### Directions
Please set down, word for word, each line from the one containing "giornale/CFI0376440/1925/ottobre/72" through the final line of the records below, both included, and nothing else.

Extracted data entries
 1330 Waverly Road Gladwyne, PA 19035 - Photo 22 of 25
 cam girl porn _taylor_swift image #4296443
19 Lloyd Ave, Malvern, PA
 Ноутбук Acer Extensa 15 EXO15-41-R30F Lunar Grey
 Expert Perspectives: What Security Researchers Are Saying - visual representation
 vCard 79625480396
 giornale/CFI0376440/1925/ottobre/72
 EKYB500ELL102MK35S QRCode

### Response
 giornale/CFI0376440/1925/ottobre/72
 EKYB500ELL102MK35S QRCode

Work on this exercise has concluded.